One thing that is most striking about Pulp Fictionon its 25thanniversary is its mundaneness. Quentin Tarantino de-emphasizes everything but the dialogue, which is the entire focus of this, his biggest and most popular film. This is not necessarily a flaw, but a tactic. We go to Tarantino’s movies to hear them, not just watch them. Pulp Fictionis all about the words coming from the characters’ mouths.
Take, for example, the way Tarantino portrays, or doesn’t portray, Los Angeles. Other crime pictures make stars, or at least supporting characters, out of their locations. In Michael Mann’s Heat,L.A. is draped in stylish nighttime glory. In Taxi Driver, Martin Scorsese portrays Times Square as a skeevy, scuzzy sin pot. You want to take a bath after watching it. Even the Coen Brothers manage to turn L.A. into one of the main characters in The Big Lebowski. Who can forget The Dude’s ill-fated trip to In-n-Out, or the Ralph’s supermarket, where he writes a check for 75 cents?
Tarantino would go on to make important L.A. pictures with Jackie Brownand Once Upon a Time in Hollywood, but not so, Pulp Fiction. He makes the city as drab and visually unappealing as possible. This is not a bad-looking movie, but it’s clear that he spent very little money on art direction and sent his location scouts to find the most dismal pockets of L.A.
The movie has scenes set in vacant lots, seamy alleys, sun-blasted parking lots, dimly-lit corridors, bland diners and humdrum bedrooms. You can see a roll of toilet tissue on the toilet tank in the bathroom where the Jerry Seinfeld assassin hides from Vincent and Jules. There are green trash cans overturned by the chain-link fence behind Butch’s seedy motel. The streets are wide and empty, void of bystanders who might witness the criminal doings of the characters. (I discount, of course, the scene where Butch runs over Marcellus with his car – plenty of bystanders standing around to catch bullets.) We see no freeways, no sports venues, not a hint of traffic. There is no movie-premiere glamor, nothing to suggest a Beverly Hills or Rodeo Drive. This is the blandest and most boring L.A. has ever looked.

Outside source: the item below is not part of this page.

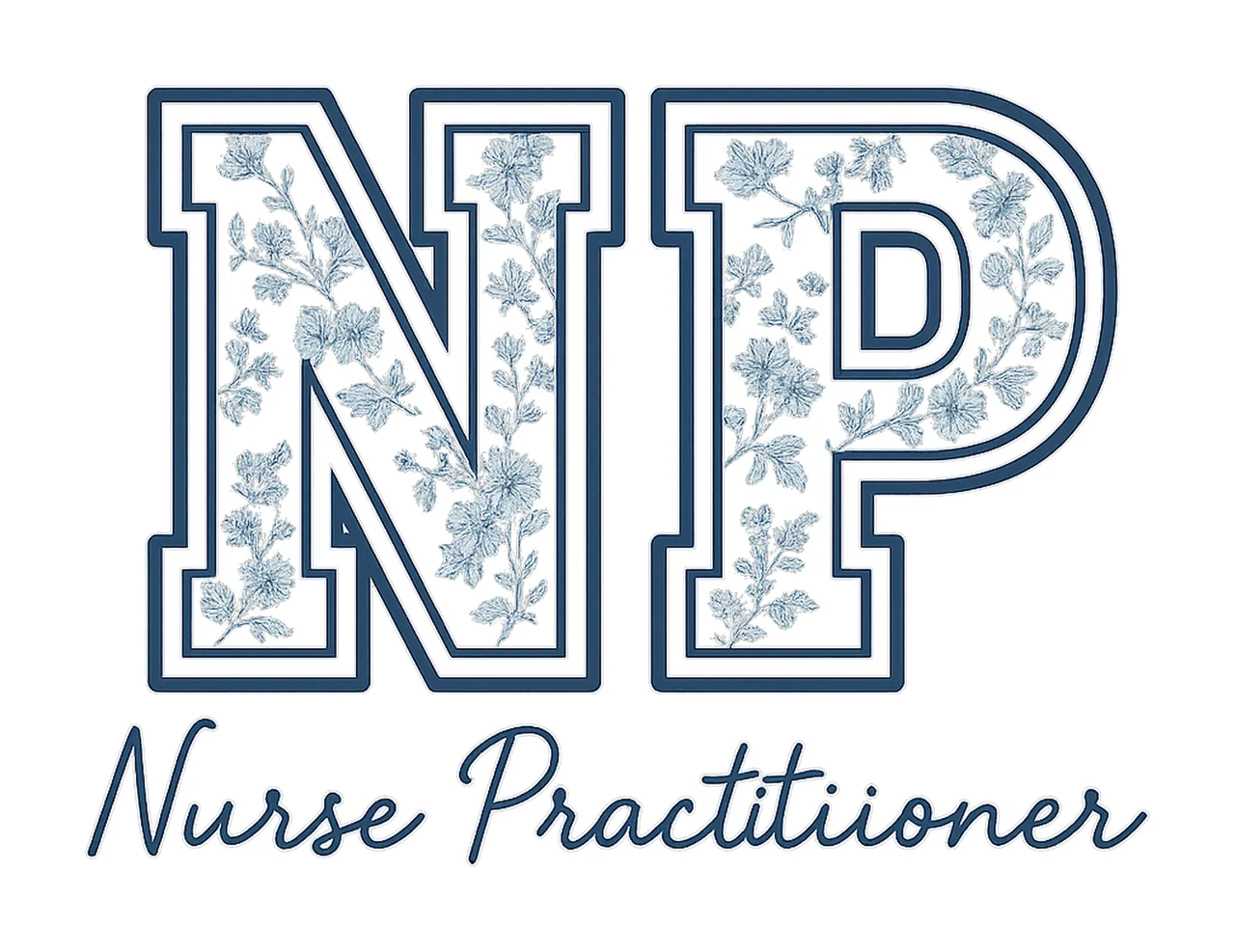 Nurse Practitioner Coquette Funny Nurse Shirt Design RN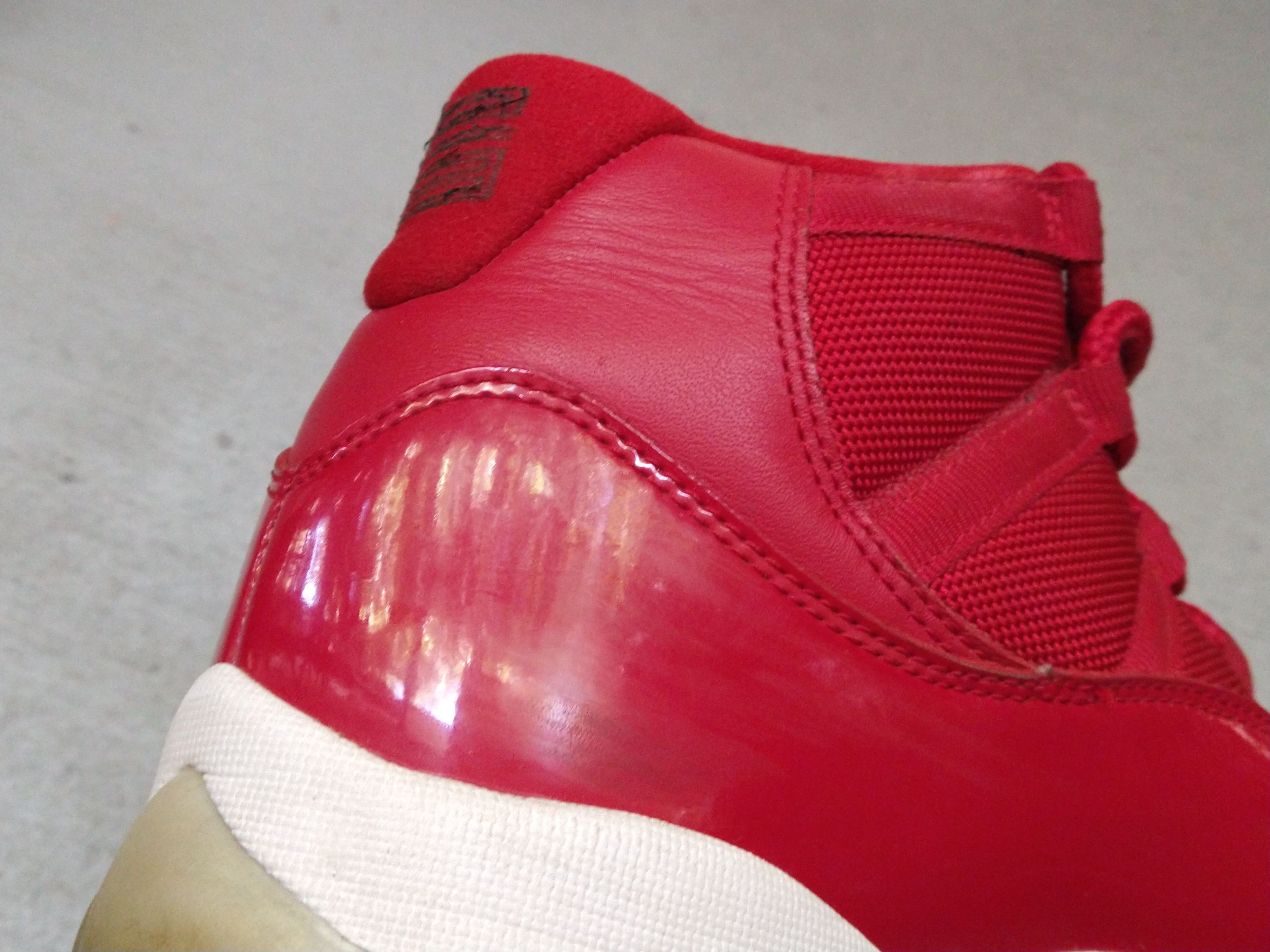Jordan Brand Nike Air Jordan 11 Retro Win Like 96 Size 9 Red 378037-623 Size US 9 / EU 42 - 10 Thumbnail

The biggest scene in the movie is set in Jack Rabbit Slim’s, a nightclub that Vincent calls “a wax museum with a pulse.” Here we finally get to see some colorful production design. The scene also plays up the artificiality of Pulp Fiction; the extras all come across like movie extras, not like real people out for a night on the town. They seem every bit as “dressed up” as the faux-actors (yes) portraying Marilyn Monroe, Zorro and Ed Sullivan. One clever joke has Steve Buscemi – Mr. Pink from Reservoir Dogs– turning up as a Buddy Holly-styled waiter. Why? Because Mr. Pink bitched about waitresses in Reservoir Dogs. The whole movie, from start to finish, is a meta-commentary on other movies, including Tarantino’s own.

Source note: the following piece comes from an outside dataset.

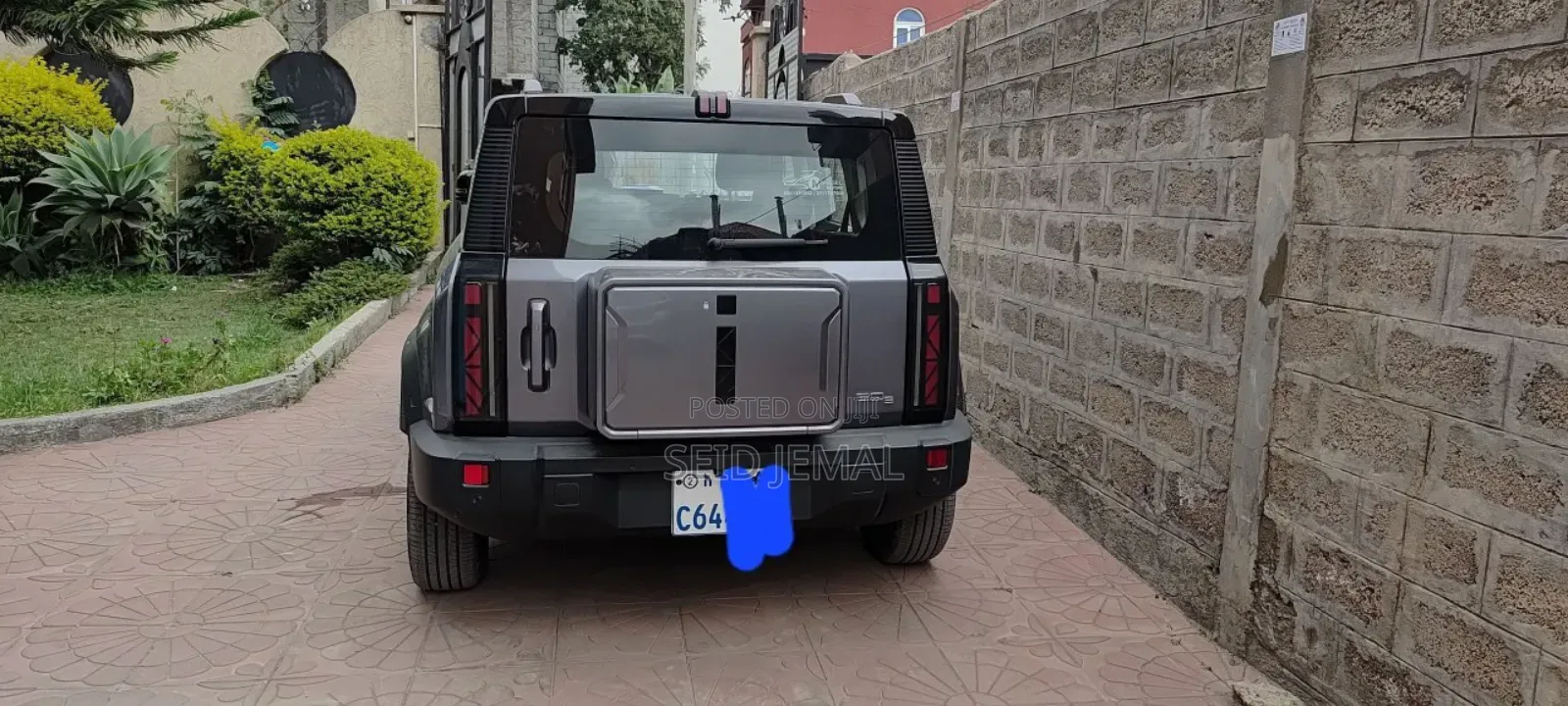 Chery iCar EQ3 2024 Gray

The drab production design, flat lighting and understated photography (lots of widescreen interior shots) heighten the unreality of the film and emphasize the true action, which is the dialogue. As Tarantino recently said, he’s paying actors to show up and say his lines – he does not encourage improv. Pulp Fictionis a dialogue-delivery device – every motherfucker stands out, every FUCK is underlined, bold-faced and in all-caps. And really, this is some of the best dialogue ever written. I haven’t sat through this long, meandering, sometimes stilted and unnecessarily padded, crime epic in probably 20 years – start to finish, anyway – but I can still quote right along with whole scenes. There is a poetry to Tarantino’s dialogue, a flow, a rhythm, that makes it easy to memorize.
The interesting thing is that Tarantino managed to grow as a director from here, even though his scripts produced less memorable dialogue. I can’t recall a single line fromOnce Upon a Time in Hollywood, but that film is better-directed than Pulp Fiction, and is much more visually impressive. Same goes for Inglourious Basterds– I can’t quote it word-for-word, but Tarantino directed the shit out of that movie. For the first time this year, I fully expect him to win Best Director IN ADDITION to having a lock on Best Original Screenplay. He’s gotten that good.
As for Pulp Fiction… it’s not my favorite film. As I say, it’s long, and in love with its own voice. Everybody in 1994 portrayed it as this ultra-violent, Scorsese-level gangster picture, but the truth is, it’s sweet and nostalgic and just a teensy bit immature, a teenager dropping F-bombs and N-words hoping to get attention. I still like it – the acting is sublime, and the structure of Tarantino’s script is still a neat time-traveling trick. I just think it was telling us all along that Tarantino was meant to direct bigger, better things, and he is indeed doing so.